= Anfora =

Mexican manufacturer of ceramics

Anfora is the largest Mexican manufacturer of vitrified ceramics. It is based in the silver mining city of Pachuca, in the state of Hidalgo, in Mexico.

== History ==
Anfora was founded in 1920 by Pablo Schmidt, Alberto Lenz, Julio Vermehren, Carlos Reichert, Enrique Hilger, Federico Ritter and Adolfo Goerz in Mexico City as a porcelain manufacturer for home and institutional ceramic dinnerware. It was originally called Fábrica de Loza El Ánfora. After the Mexican Revolution, Anfora grew its production through German technology and Mexican labor, eventually coming to dominate the Mexican market for this type of products. In 1932, Anfora started to manufacture sanitaryware for the construction market. During World War II, the Mexican government under Lázaro Cárdenas intervened the company as the original owners were of German nationality. After a tumultuous period of poor decisions and lack of investment by government officials, the company was sold in 1947 to local investors. The period of explosive post-war growth, plus its installed infrastructure, allowed Anfora to grow exponentially and become a household name. In 1994, the factory moved to a 1200000 sqft facility in Pachuca, where it continues to operate with over 1,000 people in 2020.

== Markets ==
The company sells in Mexico through a network of distributors and wholesalers.

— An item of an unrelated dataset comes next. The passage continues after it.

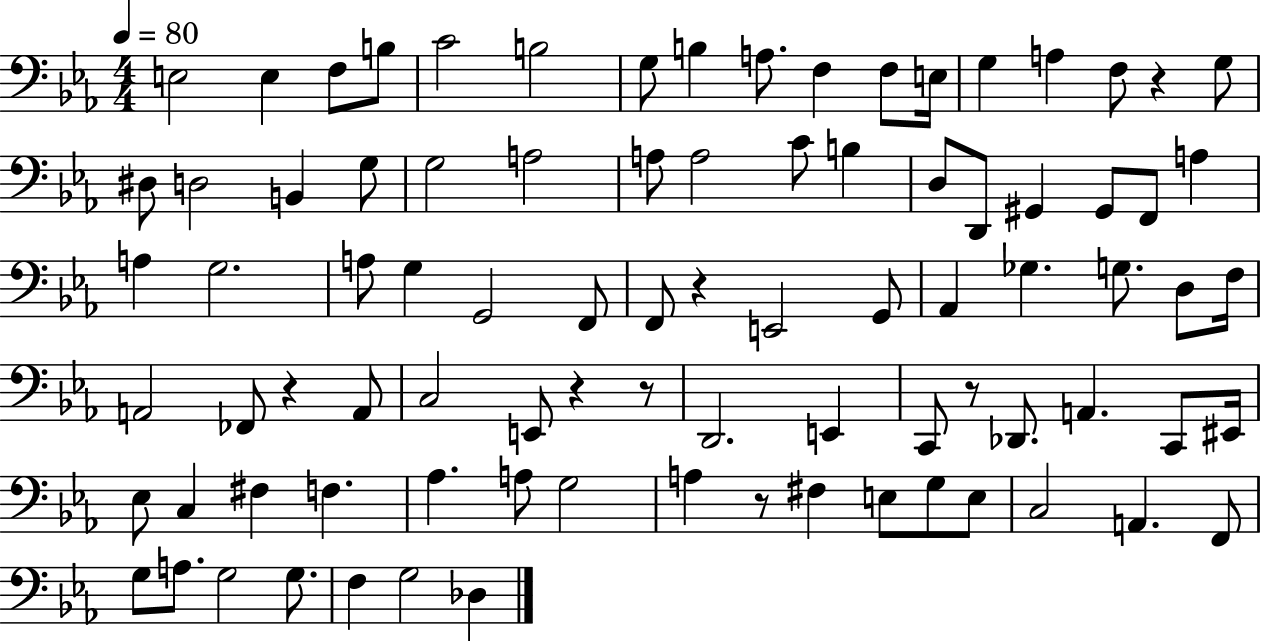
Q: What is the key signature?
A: EES major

In the US, it is represented exclusively by Steelite for the foodservice market, where it competes against local factories like Homer Laughlin and Hall China. Home use dinnerware is sold through retailers like Pottery Barn and Williams Sonoma. One of the most traditional Anfora patterns is the hand painted Blue and White Puebla, sold as a collector's dinnerware through individuals on eBay. Other customers include Starbucks and Mexican restaurants like Sanborns, Las Mañanitas and San Angel Inn.

In Japan, Anfora is represented by The Harvest Kitchen Store as well as by Royal Bussan. European markets are served through Steelite UK, while Latin America has its share of local importers.